The first draft of my first novel is nearing completion after a long, hard slog. My poor, long-suffering main character has had to try to fit herself into no fewer than four very different storylines. Poor Ellen. I've taken her and her best friends through a lot of things and I'm going to have to rough her up still more before there is resolution for her. I've worked on this story for such a long time, I'm having trouble getting my head around what it will be like when I actually finish. I'm going to have to edit. Eep! I'm both eager to begin and dreading what I might have to do. Then, even after I slog through the editing, I must face the query process. This is where that writer's version of stage fright rears its ugly head.

What does this have to do with me right now? Well, I tend to be a forward thinker. I like to look ahead and have a plan. So, I've looked ahead and, people, it's giving me a serious case of the gollywobbles. Should it? No, of course not. Am I wrong to worry? Eh, not really. You can't be rational about this sort of thing. It does make me think of a former employer and his all-time favorite advice about any difficult situation.

"Just show up."

I have to set the obsessing aside, show up, and write. I'm going to have to put my head down and forge ahead. I'm going to have to write blog posts (though that's really a pleasure), play with different prompts, and keep plugging away at my novel. I may have to throw out whole pages of text but I'm going to have to keep going. At some point, I'll write something that makes me proud. I have before and I will again. I'll work through the nerves eventually and when I do, the story will flow again.

In the meantime, I sure wish there really was a brain snake.

Tuesday, January 5, 2010

Eye of Newt and Hide of Rhino

Where Am I: Home in my favorite chair

Listening To: The lower decible sounds of my home - small mutterings from the parrot, crunching sounds from the guinea pig, hum of the HEPA filter, tick of the clock...



I was chatting with my best writing buddy the other evening. She has reached that enviable stage of sending queries to agents. This, naturally, is HUGELY exciting and, yes, I am a lovely shade of puce over the whole thing. Mostly, however, I'm excited. Such a lot of hours and so much energy has gone into her novel (a very clever historical fiction, by the way) and I really can't wait to hear how much the agents love it. You see, I know they will. She, on the other hand, seems less confident. I guess that isn't surprising. In fact, she likened it to sending her first born off to catch the bus on the very first day of school. She also mentioned feeling more than a little queasy.

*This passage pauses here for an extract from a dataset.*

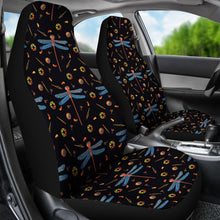 Load image into Gallery viewer, Black With Steampunk Dragonfly Pattern Car Seat Covers Seat Protectors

So much for that sense of accomplishment, huh?

That isn't to say, though, that she isn't excited. She definitely is. But she is having a serious case of nerves that amounts to the writer's equivalent of stage fright. Who can blame her? She has put herself right out there and asked to be told what professionals think of her work. Ack! How can a writer not be nervous? It did get me thinking about taking that risk and how to deal with the rejection slips that all writers get. I've had a few, myself, already since I have sent out a few short stories to magazines. They currently reside in a file drawer where theyboth haunt me and fill me with accomplishment. On the one hand, I did send something out. I'm proud of that. On the other, I still see the fact that they didn't want my story and that always comes with a low-murmured, "Ouch."

How many times have we been advised to develop a thick skin if we want to be successful writers? I've lost count. It's still sound advice and I do try but it has always seemed a very difficult and magical transformation. But I think I'm beginning to get it now.

It isn't so much a case of developing a thicker skin as it is a case of earning the battle scars that come from putting yourself out there. It isn't rhino skin. It's scar tissue. There really isn't a magical formula for that, now is there?